16 Aug 2009, My second full day in Seoul is spent at another royal Joseon palace, hiking up Namsan, and the joy that is the Lotte Giants playing Korean baseball.

Fire and Ice

I first came here in October 2006, I changed my climate from an already cold England to a pleasantly warm Korea, and greatly enjoyed being able to walk the streets in a t-shirt at a time I might otherwise be bracing myself against a cold Autumn wind. But as October 2009 wore on in Korea this time, there was no respite from the clinging warmth and humidity of a summer that threatened to never let go of its grip.

There was one cooler day just over a week ago, and on that day the Koreans decided to start wearing long sleeves and coats. It was as though some subliminal command that only Koreans could understand had been broadcast via the television that morning, and they all dressed differently. The temperature was still about 19°C, and I stuck to a t-shirt.

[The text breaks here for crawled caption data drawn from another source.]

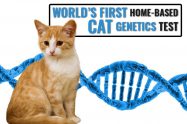 Cat DNA Test Can Explain Your Feline’s Breed Ancestry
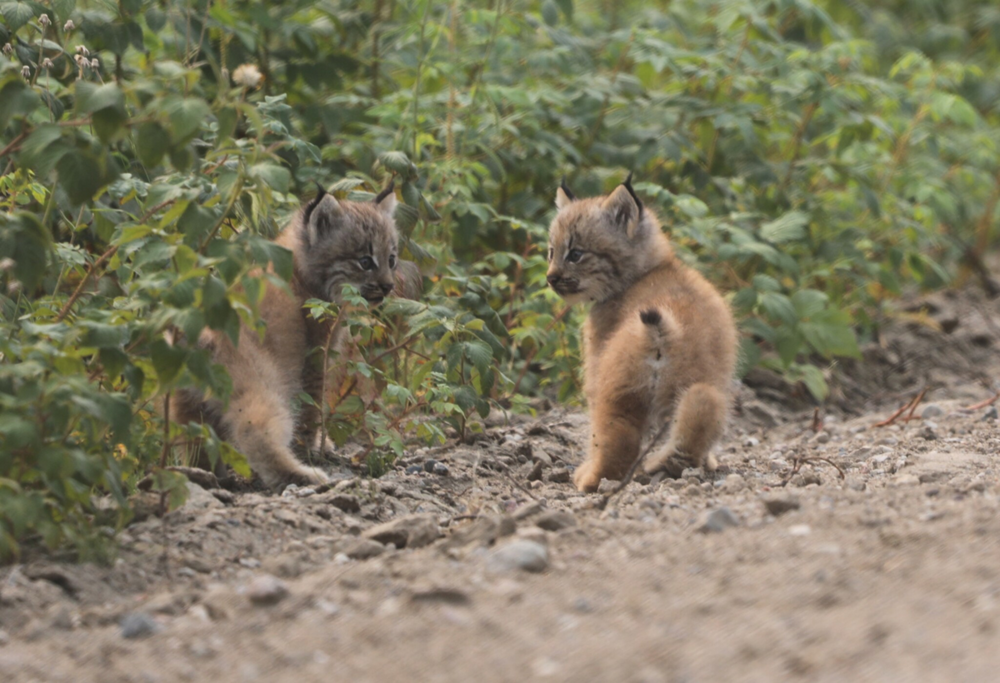 
        Канадская рысь    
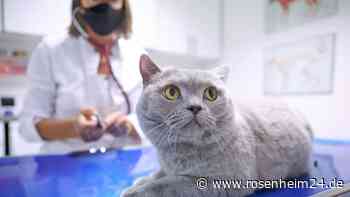 OP endet im Chaos: Katze setzt sich zur Wehr – Arzthelferin betäubt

When the weather got warmer the next day, back to the incessantly irritating 24°C-or-so which it has been for most of the time since my return, I expected the Koreans to give up and go back to something more comfortable - but they didn't, which was oddly disconcerting. During the week I sat on in a subway carriage where everyone was dressed for autumn, while far above us a heat-mist clung heavily around the mountains. At the weekend I was up in the PNU district with Korean friends. The biggest wardrobe question on my mind before I set off was whether to wear a thin t-shirt or a thicker one - I went with the former and was glad of the decision. One of our friends, evidently still under the influence of that subliminal broadcast, turned up in a t-shirt, under a shirt, under a thin sports jacket, and they remained on throughout the day in spite of any logic to the contrary. And he was not alone.

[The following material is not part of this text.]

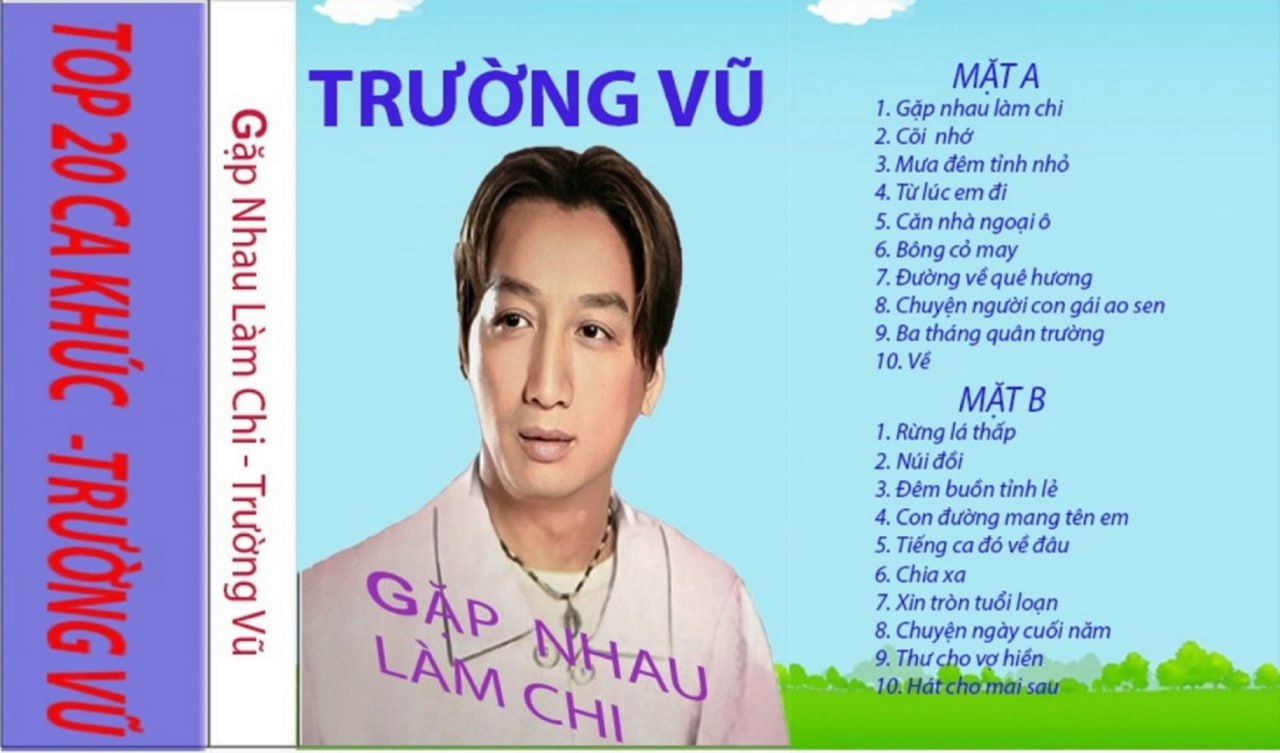 BĂNG CASSETTE TRƯỜNG VŨ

This morning I awoke to the news that snow may occur in parts of Korea, which sure enough it did, and when I went outside it was bitterly cold. So two days after wearing a light t-shirt in Busan, I was now wearing a long-sleeve top and a coat, which I quickly had to zip up against the biting wind. I gathered it was about 10°C, but more like five with the wind-chill factor. By the time I reached my destination, my ears were ringing with the cold. So to my mind we've gone straight from summer to winter - a big shock in the land of the four seasons.

Beijing also had snow today, because the sudden cold snap over this part of Asia coincided with Chinese scientists seeding the clouds with silver iodide to make it rain. Which led me to idly wonder to what extent China's climate engineering might impact Korea. Seoul is 594 miles from Beijing and Busan is 770. Is that too far to effect us or not? It's certainly the case that we're getting their 'yellow dust' - are we getting their silver iodide as well, and does it matter? If we are - perhaps it does.